See, that’s just the point. As someone who wants to be a published writer and who knows some first class writers who haven’t been published, the fact that this guy is a block buster seller is just too much to handle.

So, Dan Brown, step up and get your Attie.

Look, you can say what you want, but nothing is just a book or a movie or a song. There is always a point behind it, no matter how cagey artists try to be, or chant the stupid mantra, “it’s what ever you want it to mean”. This statement is such a postmodern load. Every artist has their worldview.

And, you know what? There is nothing wrong with this.

Dan Brown obviously has the worldview that all religions are the same and if we could all realize that fact, we would be enlightened. He makes this clear when he writes in the words of one of the heroes in his latest book, The Lost Symbol, “We’ve lost the word and yet it’s true meaning is still within reach, right before our eyes. It exists in all the enduring texts from the Bible to the Bhagavad Gita to the Koran and beyond. All of these texts are revered upon the alters of Freemasonary because Masons udnerstand what the world seems to forgotten that each of these texts, in it’s own way, is quietly whispering the exact same message, “Know ye not that ye are gods?”

It’s a nice sentiment, but it’s skubulos for a number of different reasons. I know that Brown thinks he is doing religion a service by saying we all mean the same things when we talk about God, etc and so. But, it’s actually highly insulting. While what he is saying is true on a superficial level, at their core, religions do say fundementally different things about many issues. It’s condescending and insulting to Buddhism to say that it’s basically the same as Christianity, and vice versa. It fails to take either seriously by patting them on the hand and saying, “I know better than you.”

Guess what, Dan? The solution to our problems is NOT to say that everyone, deep down, we all agree with each other. We don’t. The solution is to be able  to tolerate everyone’s differences and not kill them for it. It’s just that simple. While I will grant you that there is much about our fundemntal humanity we agree on, our answers to the deep questions are often vastly different.

Plus, look, while Brown can tell a story and keep you reading, he is a BAD writer. Not because he is a popular writer. There are many popular writers who are actually good. I have said on my Facebook page that I’m going to create a drinking game for those who read this book. Take one drink everytime a woman swoons over Langdon’s scholarly good looks. Take two every time Langdon reflects lovingly over someone’s eyes. Take three everytime Langdon’s cleverness is displayed and solves what everyone else deems unsolvable. You won’t make it through the book.

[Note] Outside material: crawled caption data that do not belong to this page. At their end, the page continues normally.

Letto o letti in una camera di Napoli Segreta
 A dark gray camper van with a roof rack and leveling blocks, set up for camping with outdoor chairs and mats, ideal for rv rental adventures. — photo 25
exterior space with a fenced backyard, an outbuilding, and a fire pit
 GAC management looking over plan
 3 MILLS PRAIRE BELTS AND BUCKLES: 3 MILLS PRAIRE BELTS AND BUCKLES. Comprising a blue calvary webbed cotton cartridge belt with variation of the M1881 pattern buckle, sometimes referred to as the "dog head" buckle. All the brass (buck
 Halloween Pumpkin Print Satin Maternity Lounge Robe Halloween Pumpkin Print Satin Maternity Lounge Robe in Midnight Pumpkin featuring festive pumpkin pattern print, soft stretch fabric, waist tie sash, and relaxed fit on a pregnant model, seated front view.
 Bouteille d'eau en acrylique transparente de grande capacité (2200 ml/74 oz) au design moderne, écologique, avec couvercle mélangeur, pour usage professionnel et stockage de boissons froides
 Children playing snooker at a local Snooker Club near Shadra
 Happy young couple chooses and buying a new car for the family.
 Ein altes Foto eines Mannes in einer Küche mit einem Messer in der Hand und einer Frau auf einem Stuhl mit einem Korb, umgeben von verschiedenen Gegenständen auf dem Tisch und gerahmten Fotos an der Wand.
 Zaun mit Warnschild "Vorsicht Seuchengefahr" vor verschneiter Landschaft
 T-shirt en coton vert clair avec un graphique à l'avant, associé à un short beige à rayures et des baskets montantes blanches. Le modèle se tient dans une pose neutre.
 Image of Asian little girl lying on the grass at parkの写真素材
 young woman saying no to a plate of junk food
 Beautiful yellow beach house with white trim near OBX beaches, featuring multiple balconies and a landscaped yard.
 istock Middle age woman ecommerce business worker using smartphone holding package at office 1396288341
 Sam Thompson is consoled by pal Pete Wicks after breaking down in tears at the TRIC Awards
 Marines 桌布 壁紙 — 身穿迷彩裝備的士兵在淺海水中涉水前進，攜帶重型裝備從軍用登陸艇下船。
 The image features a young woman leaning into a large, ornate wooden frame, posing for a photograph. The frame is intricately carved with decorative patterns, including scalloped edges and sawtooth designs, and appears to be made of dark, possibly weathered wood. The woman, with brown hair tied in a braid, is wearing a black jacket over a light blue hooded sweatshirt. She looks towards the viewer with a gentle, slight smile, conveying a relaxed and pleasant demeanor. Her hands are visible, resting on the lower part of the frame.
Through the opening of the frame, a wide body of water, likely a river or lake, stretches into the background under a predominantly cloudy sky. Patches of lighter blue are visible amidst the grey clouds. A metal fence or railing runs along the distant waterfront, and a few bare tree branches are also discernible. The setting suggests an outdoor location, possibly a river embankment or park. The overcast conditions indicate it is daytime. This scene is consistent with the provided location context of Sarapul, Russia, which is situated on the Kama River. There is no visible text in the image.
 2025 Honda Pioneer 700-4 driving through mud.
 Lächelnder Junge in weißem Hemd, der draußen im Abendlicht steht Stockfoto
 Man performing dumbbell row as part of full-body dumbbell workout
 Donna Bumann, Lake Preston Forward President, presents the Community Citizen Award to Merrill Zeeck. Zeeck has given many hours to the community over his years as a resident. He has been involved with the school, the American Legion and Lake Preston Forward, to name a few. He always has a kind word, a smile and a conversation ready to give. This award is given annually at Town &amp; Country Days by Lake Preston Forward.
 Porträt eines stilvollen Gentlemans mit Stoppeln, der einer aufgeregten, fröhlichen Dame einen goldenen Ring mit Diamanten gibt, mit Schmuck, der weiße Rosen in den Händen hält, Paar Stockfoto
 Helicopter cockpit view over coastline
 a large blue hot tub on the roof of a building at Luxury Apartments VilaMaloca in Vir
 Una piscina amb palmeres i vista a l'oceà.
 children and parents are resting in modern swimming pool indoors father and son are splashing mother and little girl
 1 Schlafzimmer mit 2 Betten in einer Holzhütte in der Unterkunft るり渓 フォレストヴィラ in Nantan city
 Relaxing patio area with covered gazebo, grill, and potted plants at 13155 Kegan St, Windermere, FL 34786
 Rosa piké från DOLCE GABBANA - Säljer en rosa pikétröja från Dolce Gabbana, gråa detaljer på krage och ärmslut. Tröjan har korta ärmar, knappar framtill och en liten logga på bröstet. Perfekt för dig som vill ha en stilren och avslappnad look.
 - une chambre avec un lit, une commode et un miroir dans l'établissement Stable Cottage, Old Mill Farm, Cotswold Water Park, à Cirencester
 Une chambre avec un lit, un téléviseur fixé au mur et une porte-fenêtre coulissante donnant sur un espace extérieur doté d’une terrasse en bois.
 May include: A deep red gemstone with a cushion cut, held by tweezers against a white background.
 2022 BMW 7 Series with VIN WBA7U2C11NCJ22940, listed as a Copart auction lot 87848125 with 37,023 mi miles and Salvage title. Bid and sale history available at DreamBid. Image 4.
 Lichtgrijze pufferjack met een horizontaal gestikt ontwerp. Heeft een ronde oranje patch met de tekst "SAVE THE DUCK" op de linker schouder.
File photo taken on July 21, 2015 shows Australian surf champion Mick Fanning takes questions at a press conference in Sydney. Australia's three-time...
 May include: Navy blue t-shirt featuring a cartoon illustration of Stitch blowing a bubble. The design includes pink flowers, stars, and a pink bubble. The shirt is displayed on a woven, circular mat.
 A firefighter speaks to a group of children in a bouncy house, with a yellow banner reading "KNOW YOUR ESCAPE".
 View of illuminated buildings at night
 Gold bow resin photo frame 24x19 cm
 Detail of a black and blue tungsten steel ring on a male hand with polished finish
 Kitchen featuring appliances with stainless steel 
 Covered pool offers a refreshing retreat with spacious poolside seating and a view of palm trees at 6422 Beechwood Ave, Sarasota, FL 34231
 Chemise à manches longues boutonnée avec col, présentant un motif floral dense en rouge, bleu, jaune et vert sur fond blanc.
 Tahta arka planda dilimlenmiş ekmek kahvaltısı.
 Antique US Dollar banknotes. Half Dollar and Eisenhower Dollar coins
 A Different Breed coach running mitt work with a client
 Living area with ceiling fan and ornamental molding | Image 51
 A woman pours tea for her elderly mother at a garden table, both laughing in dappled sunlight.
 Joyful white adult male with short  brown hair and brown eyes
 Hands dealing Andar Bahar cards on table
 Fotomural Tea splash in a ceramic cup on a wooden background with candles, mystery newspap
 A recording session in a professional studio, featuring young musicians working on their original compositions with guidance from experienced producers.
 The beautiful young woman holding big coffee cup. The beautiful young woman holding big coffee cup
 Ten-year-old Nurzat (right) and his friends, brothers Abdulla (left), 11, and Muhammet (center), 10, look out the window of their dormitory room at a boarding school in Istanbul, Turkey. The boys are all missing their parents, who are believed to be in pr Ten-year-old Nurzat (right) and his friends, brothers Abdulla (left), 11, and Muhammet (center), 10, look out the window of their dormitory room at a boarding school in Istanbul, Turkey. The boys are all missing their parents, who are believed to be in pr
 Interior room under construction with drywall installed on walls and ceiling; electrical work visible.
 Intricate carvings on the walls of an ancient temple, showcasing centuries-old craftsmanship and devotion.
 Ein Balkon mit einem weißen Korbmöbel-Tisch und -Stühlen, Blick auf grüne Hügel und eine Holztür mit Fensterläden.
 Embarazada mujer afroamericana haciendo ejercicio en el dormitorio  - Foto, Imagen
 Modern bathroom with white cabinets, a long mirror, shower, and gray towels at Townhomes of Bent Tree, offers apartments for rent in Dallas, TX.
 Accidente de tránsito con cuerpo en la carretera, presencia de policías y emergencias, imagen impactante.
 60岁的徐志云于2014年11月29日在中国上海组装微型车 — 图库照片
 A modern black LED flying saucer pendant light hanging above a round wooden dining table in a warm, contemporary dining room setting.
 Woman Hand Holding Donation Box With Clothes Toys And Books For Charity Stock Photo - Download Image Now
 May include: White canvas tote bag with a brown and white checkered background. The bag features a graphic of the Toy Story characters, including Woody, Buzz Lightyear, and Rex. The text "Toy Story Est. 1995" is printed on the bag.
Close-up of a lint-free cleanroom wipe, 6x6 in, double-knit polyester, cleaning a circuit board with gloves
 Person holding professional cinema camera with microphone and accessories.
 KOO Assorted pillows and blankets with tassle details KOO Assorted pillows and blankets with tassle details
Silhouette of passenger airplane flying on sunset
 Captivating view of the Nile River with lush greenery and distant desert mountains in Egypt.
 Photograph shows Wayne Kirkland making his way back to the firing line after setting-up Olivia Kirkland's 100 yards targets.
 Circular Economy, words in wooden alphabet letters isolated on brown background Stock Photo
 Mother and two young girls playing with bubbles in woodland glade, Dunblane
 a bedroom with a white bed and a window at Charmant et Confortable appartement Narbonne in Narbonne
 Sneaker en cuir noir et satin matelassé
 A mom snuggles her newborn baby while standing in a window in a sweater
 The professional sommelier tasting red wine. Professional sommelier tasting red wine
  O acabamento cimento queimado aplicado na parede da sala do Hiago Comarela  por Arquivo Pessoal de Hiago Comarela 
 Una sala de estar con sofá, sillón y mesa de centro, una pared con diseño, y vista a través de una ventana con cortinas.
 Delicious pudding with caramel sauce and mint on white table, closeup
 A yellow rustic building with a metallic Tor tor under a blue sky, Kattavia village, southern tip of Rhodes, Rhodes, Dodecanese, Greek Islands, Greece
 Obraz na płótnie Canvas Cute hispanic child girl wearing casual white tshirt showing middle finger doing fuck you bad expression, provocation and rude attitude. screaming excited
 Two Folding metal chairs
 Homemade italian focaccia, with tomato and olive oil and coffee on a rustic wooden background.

So, Dan, step up and get your Attie your forgetable attempt at trying to bring us all together in perfect harmony. If Coke couldn’t do it, what makes you think you could?

St. Thomas, release the literary hounds.

PS- Dan Brown is going to be interviewed by Matt Lauer on the Today Show. I’m not going to watch it because I don’t think my tv could stand that much D-baggery. It could possibly explode.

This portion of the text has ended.